Hotsauce





Logo Design
The logo draws from the bold, unapologetic typography found on classic sauce bottles. Straightforward. Recognizable. Built to stand out on a crowded shelf.
But here, it doesn’t stay contained.
The sauce breaks free from the bottle and moves around the logo. It drips, floats, expands. It refuses to sit still. What is usually a controlled label becomes something alive and unpredictable.
This tension is intentional. Structure meets chaos. A solid, grounded wordmark surrounded by fluid, evolving forms.
It reflects what Hotsauce actually is. A space where ideas don’t follow a script. They spill out of conversations, move between people, and take shape in unexpected ways. Nothing is locked in place. Everything is in motion.
The logo anchors the system. The sauce disrupts it.
Together, they tell the story of a community where ideas aren’t stored. They’re shared, stretched, and constantly reshaped.
Motion System
The motion system became the emotional core of the identity.
A liquid form, the sauce, moves, expands, and reacts across every surface. It’s not decorative. It’s symbolic. It represents ideas in motion. Thoughts colliding. Conversations unfolding in real time.
Hotsauce was never meant to feel like a traditional event. It’s a space where people come together to exchange perspectives, challenge assumptions, and build on each other’s thinking. The sauce captures that energy.

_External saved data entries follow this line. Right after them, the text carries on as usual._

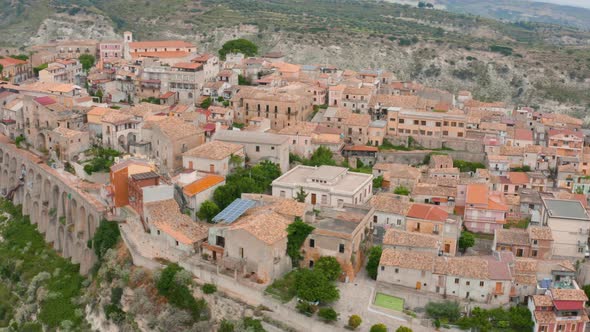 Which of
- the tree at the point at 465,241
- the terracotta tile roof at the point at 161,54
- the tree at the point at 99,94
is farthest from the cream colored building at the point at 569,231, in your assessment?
the terracotta tile roof at the point at 161,54

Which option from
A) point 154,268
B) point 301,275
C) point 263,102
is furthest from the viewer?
point 263,102

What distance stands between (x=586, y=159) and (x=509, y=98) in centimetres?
5147

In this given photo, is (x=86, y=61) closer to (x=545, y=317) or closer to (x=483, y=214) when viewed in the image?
(x=483, y=214)

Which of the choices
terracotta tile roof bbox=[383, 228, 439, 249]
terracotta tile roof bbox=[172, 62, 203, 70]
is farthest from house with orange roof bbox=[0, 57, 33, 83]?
terracotta tile roof bbox=[383, 228, 439, 249]

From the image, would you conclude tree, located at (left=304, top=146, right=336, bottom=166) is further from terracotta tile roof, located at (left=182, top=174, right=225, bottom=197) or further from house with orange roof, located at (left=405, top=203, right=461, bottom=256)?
house with orange roof, located at (left=405, top=203, right=461, bottom=256)

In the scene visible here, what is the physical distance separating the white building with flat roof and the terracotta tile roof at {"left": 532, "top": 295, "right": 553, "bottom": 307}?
13316 millimetres

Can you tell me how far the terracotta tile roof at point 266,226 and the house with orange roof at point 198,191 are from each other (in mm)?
4911

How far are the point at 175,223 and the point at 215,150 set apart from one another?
9.11m

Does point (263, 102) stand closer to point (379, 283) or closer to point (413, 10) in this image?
point (379, 283)

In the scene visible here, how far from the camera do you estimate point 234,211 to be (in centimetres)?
4031

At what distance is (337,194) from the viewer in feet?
141

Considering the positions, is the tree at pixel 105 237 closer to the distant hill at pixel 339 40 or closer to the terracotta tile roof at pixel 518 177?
the terracotta tile roof at pixel 518 177

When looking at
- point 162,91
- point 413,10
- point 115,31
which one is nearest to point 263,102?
point 162,91

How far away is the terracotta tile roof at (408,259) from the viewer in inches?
1417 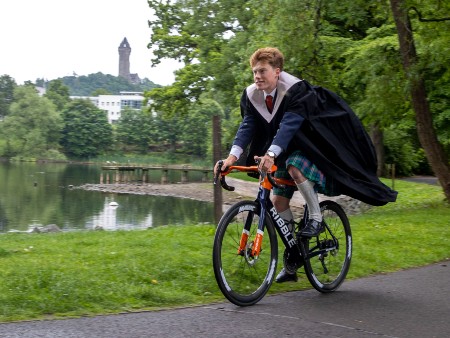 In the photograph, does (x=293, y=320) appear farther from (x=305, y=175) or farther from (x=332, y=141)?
(x=332, y=141)

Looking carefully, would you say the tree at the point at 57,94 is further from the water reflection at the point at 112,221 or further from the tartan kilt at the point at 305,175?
the tartan kilt at the point at 305,175

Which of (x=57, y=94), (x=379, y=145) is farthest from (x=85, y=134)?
(x=379, y=145)

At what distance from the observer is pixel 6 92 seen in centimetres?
16188

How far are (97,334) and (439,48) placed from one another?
1138 cm

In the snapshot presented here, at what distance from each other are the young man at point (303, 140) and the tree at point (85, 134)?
122976mm

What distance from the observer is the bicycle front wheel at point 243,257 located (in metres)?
5.38

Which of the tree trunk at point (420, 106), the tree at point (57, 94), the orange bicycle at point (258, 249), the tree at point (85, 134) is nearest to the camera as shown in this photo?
the orange bicycle at point (258, 249)

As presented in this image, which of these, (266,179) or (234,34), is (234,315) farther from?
(234,34)

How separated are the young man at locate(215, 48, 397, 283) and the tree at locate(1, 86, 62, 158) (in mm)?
119611

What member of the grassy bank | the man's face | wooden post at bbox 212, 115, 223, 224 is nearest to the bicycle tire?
the grassy bank

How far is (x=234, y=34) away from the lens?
39.4 metres

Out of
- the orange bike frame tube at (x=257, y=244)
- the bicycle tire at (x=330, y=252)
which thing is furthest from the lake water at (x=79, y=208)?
the orange bike frame tube at (x=257, y=244)

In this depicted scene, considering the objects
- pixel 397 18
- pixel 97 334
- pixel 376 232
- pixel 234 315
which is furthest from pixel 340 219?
pixel 397 18

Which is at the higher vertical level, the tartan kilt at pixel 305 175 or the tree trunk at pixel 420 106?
the tree trunk at pixel 420 106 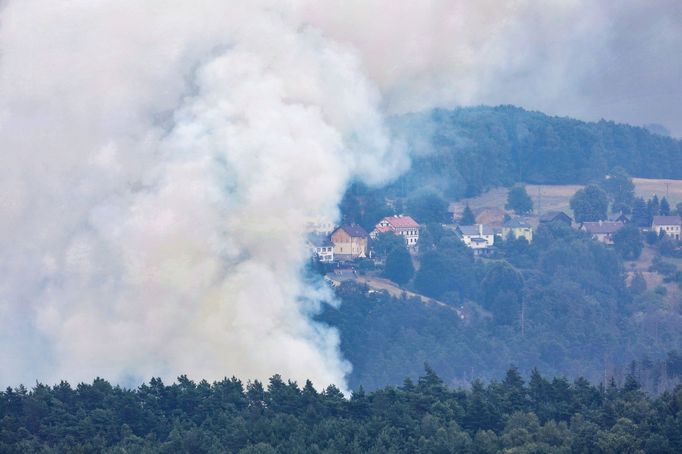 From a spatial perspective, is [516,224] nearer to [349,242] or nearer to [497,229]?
[497,229]

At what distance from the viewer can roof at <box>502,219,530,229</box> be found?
431ft

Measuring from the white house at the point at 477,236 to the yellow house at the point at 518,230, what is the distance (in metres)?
1.08

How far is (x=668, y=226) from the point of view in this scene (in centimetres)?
13212

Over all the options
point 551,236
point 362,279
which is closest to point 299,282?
point 362,279

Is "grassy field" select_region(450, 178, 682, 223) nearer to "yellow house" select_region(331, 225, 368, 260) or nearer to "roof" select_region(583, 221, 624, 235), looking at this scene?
"roof" select_region(583, 221, 624, 235)

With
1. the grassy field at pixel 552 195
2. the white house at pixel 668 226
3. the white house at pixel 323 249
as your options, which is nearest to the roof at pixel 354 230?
the white house at pixel 323 249

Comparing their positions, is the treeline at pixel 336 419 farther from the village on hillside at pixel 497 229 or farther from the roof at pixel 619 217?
the roof at pixel 619 217

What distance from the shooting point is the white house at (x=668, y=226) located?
13162 cm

It behaves like a living system — unpredictable, fluid, constantly evolving, just like the community itself.
On stage, in motion graphics, and across video content, the sauce becomes a visual metaphor for collective intelligence. Ideas don’t sit still. They stretch, merge, break apart, and reform into something new. What starts as a spark in one conversation can ripple across the entire room.
This is what Hotsauce is about. Not just sharing knowledge, but creating it together.






The identity had to capture the energy of the Hotjar community while remaining flexible enough to support multiple formats including stage screens, motion graphics, and promotional content.

I led a visual mapping exercise exploring keywords and themes connected to the event.